## Stored data
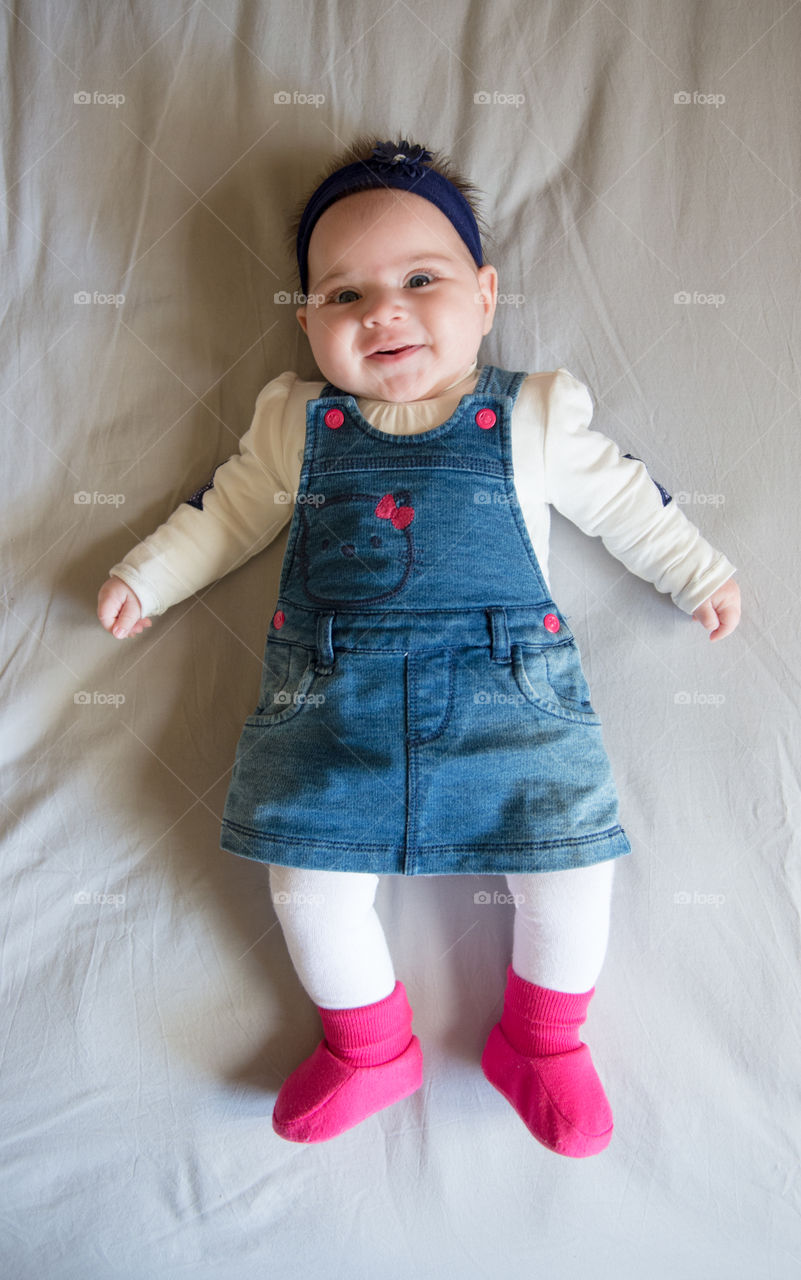 Cute baby girl on bed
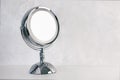 Chromed steel round magnifying mirror on handle set up on the table. Cold light background, the atmosphere of purity and cleanline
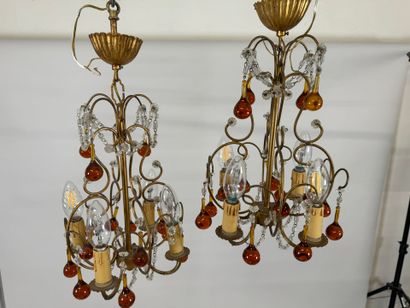 Pair of gilded metal chandeliers with colored...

## Task goal
All of the material should be written out again exactly, apart from the pictures.

## Answer box
 Cute baby girl on bed
 Chromed steel round magnifying mirror on handle set up on the table. Cold light background, the atmosphere of purity and cleanline
 Pair of gilded metal chandeliers with colored...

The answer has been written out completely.